Edward Foxworthy | Big game hunter | 34 yrs | Flan

Slim Shady | Attorney | 46 yrs | Djuro

Absent this session

Carl Blackwater | Foreign correspondent | 31 yrs | Martin

Kent Bengtsson | Aviator | 38 yrs | Berndt

H.P Rennfarth | NYPD Forensics Specialist | 27 yrs | Mats

Link to background stories and portraits

Written under the influence of Brant Bjork and the Bros

London, UK, Friday, February 6th, 1925 | about 2 pm

Armis argentum

Upon leaving British Museum, the investigators plan to leave the London area (that is getting a bit too hot at present) and leave for the English countryside to follow up on the last of Elias’s leads left at The Scoop – the gruesome murders in Lesser-Edale, which are suspected (by some) to have been committed by some supernatural creature.
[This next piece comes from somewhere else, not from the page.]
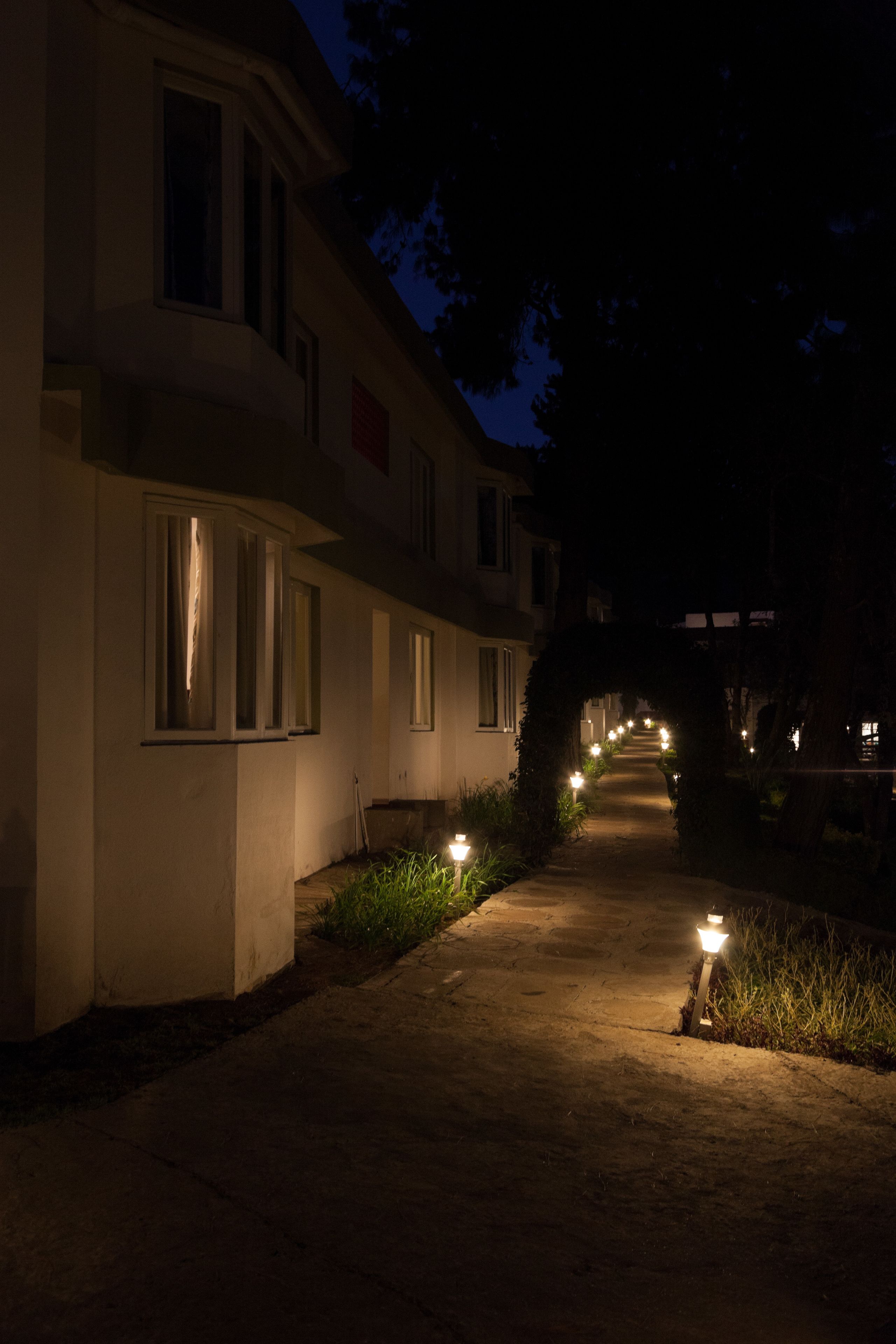 A pathway leading to a building with multiple windows and a covered walkway.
After reading the article (article keywords according to the PCs: bestial, walking like a man, full moon) the PCs conclude that it must be a werewolf (if it indeed is something supernatural involved in this) and decide to get some silver weapons. After all, it’s common knowledge that werewolves are vulnerable to silver, right?


Edward Foxworthy pulls all his pro-hunter strings and manages to get a weaponsmith to manufacture silver bullets – 1 magazine (5 shots) for his Mauser and 1 magazine (2 shots) for his elephant gun – at an exorbitant price. Slim Shady goes to a shop specializing in old coins to get old silver pennies, which he then loads up in some shotgun shells (10 shells for his 12-gauge side-by-side).

After picking up their gear at the hotel, the duo leaves for Derby and Lesser-Edale in their adopted Adler.

Derwent Valley Blues


Lush rolling green English countryside

A green and pleasant land…


As they get further away from London, the rustic scenery helps to bring back that feeling of “normal” and “safe” again, and soon life begins to feel better. There’s a steady drizzle against the windshield, but nothing too serious.



Derwent Valley and the Derwent River


Our intrepid investigators caught on a photograph!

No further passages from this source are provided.